The CTA's first big political victory came in 1988, when it helped pass Proposition 98, which amended the California Constitution to mandate that at least 39 percent of the state budget be spent on K-12 education spending. Since then, California teacher salaries have skyrocketed and are now among the highest in the nation (only Massachusetts and New York pay more).

At an average salary of $69,434 per year, a family of two teachers would bring in almost $140,000 in income per year. That is almost triple the state's $57,000 median family income -- and teachers get summers off.

But all of that money for teachers salaries hasn't helped students in the classroom. By 1992, the first year for which state-by-state comparisons are available, California ranked second to last among states tested (ahead of only Mississippi), in reading proficiency among fourth-graders.

Since then, California per pupil education spending has continued to rise, and student test scores have not. In 2011, the most recent year available, California eighth-graders finished 48th in reading, ahead of just Louisiana and Mississippi, and 48th in math, ahead of just Alabama and Mississippi. Perhaps California should change its state motto to "Thank God for Mississippi."

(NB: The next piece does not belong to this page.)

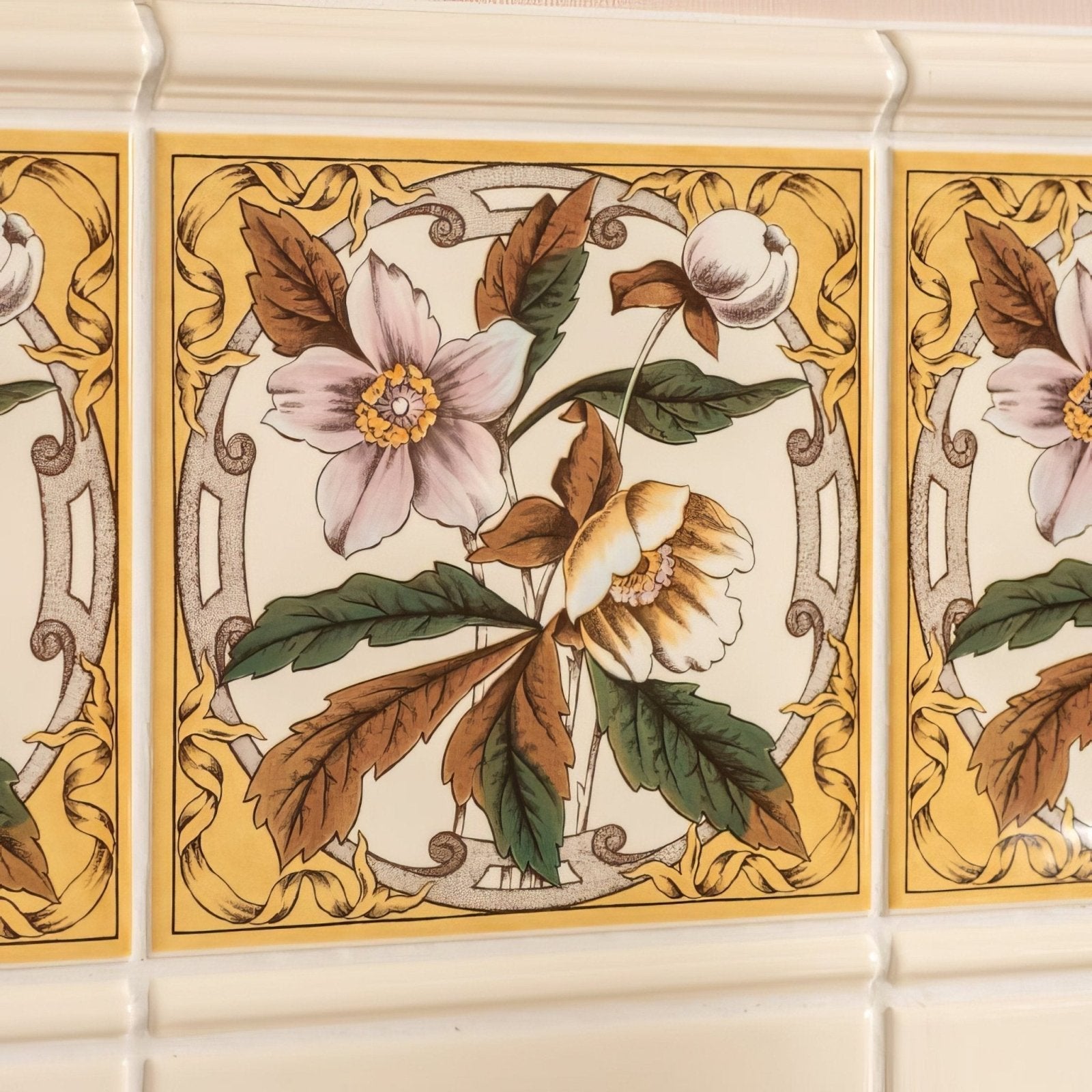 Beige ceramic windflower single tile on county white with ornate floral design in pink yellow green and gold scrollwork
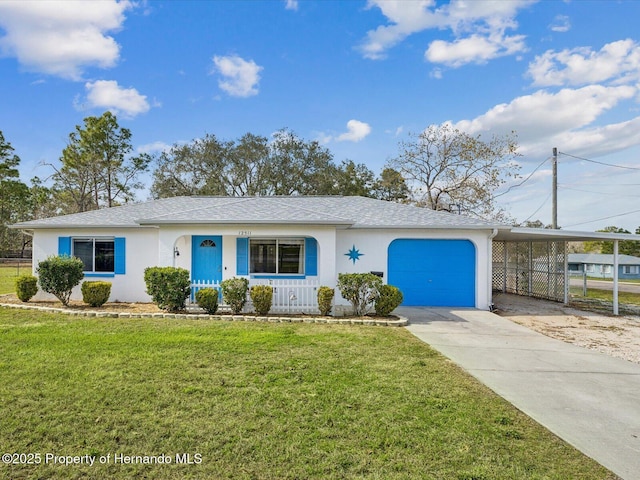 ranch-style house with driveway, a front yard, a carport, and stucco siding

One big reason California's highly paid teachers are failing to educate California's public school students is that their pay has nothing to do with their ability to educate kids.

Teachers' unions have been a destructive force in American education, especially in states that have allowed the corrupting influence of having the state deduct dues which goes into a pot to support Democrats who will then give them more taxpayer money for failing to do their job of educating.  These situations are inherently corrupt because they are negotiating with people they helped to elect and no one is at the table representing taxpayers.  Scott Walker was ale to defeat the unions on this issue in Wisconsin, but California has no one with the integrity to fight this corruption.

How can these people justify their high salaries and their poor performance?  Texas pays less and gets more for the money it spends on education.  Teachers should be paid on performance and not longevity.  They should be forced to compete with private schools through the use of vouchers.